→ TASK OBJECTIVE
In the listing that follows, how many lines hold the string "where"? Answer with the number only.

→ DATA FOR PROCESSING
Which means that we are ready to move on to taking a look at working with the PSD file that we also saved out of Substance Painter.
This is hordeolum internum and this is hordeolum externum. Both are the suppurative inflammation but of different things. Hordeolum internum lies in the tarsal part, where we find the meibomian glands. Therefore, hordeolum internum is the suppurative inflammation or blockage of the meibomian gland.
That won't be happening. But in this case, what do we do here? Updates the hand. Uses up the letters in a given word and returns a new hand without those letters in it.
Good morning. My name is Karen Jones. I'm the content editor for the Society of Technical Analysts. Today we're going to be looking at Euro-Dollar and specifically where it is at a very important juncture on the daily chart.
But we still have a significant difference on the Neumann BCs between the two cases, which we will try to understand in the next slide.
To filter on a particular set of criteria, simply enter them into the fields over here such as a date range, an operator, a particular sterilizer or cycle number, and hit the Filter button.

...

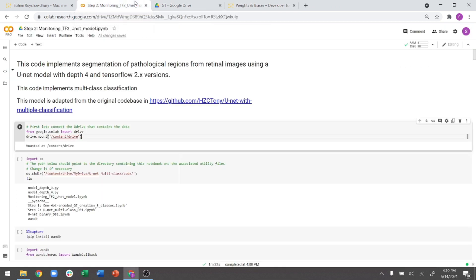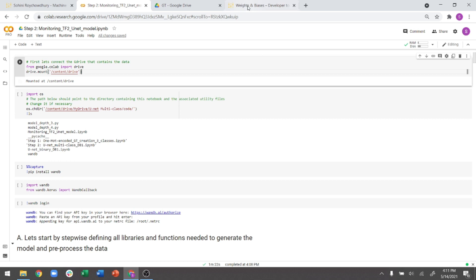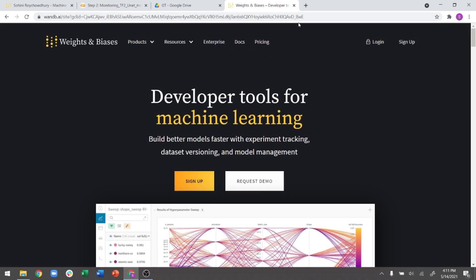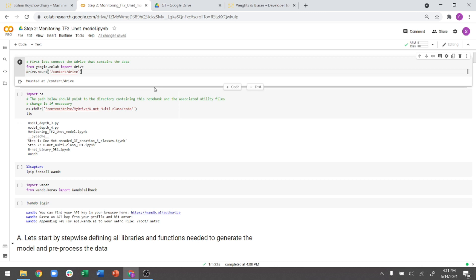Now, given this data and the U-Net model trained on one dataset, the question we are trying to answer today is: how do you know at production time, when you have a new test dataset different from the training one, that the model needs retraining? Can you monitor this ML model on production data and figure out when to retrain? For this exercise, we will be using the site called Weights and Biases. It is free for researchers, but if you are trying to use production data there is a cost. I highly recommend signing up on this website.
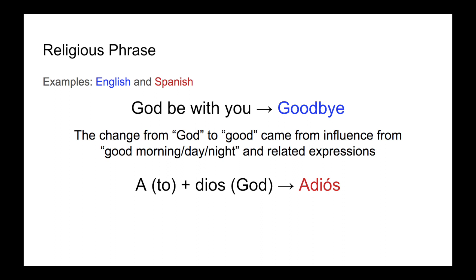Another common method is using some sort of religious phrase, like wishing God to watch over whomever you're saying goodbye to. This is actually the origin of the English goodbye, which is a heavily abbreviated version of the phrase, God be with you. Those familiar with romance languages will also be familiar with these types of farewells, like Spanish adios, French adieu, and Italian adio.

--

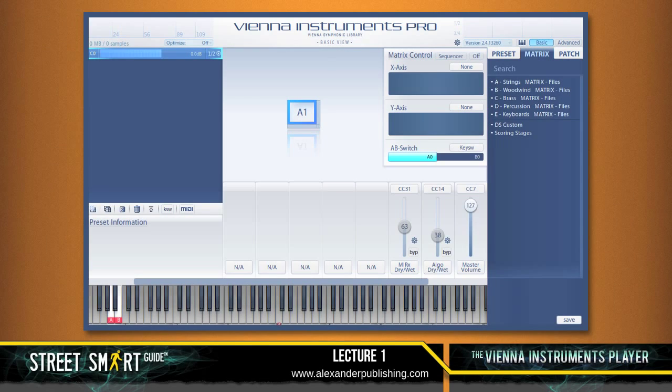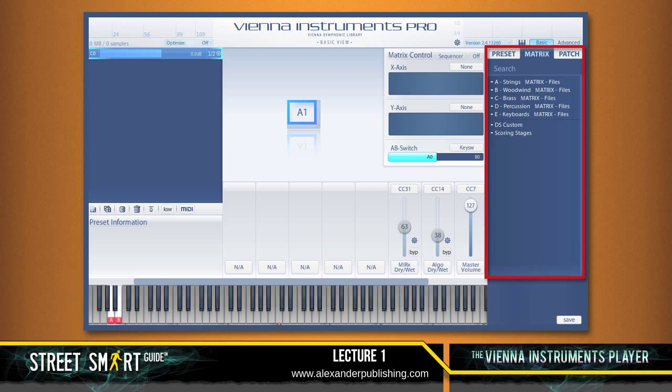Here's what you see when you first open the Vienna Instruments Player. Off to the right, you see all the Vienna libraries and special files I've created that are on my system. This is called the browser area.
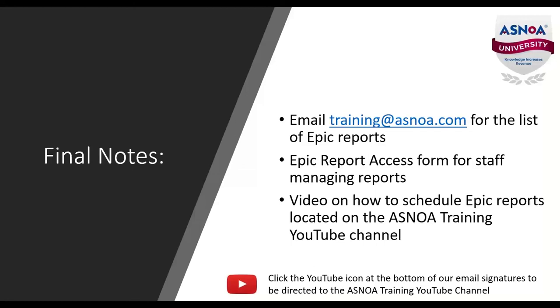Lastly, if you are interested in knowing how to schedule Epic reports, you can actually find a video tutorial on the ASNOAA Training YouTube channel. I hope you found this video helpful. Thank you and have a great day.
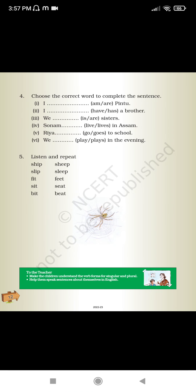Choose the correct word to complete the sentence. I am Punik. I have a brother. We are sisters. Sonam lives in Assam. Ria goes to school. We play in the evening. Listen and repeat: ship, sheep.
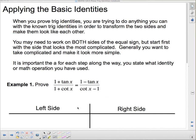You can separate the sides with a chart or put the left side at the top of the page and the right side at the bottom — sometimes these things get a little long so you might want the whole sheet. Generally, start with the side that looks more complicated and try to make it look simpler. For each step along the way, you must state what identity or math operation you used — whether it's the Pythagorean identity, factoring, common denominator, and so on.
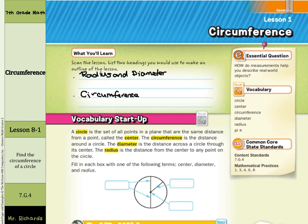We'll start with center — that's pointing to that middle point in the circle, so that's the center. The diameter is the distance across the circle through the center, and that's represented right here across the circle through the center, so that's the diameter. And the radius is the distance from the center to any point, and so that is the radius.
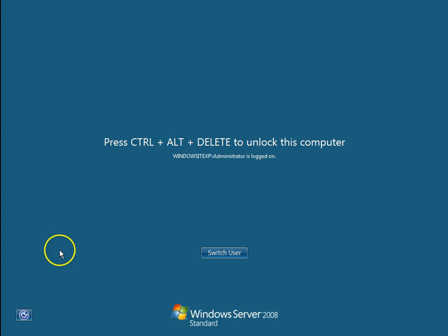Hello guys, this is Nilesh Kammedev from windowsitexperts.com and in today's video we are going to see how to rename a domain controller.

→ TASK RESULT
2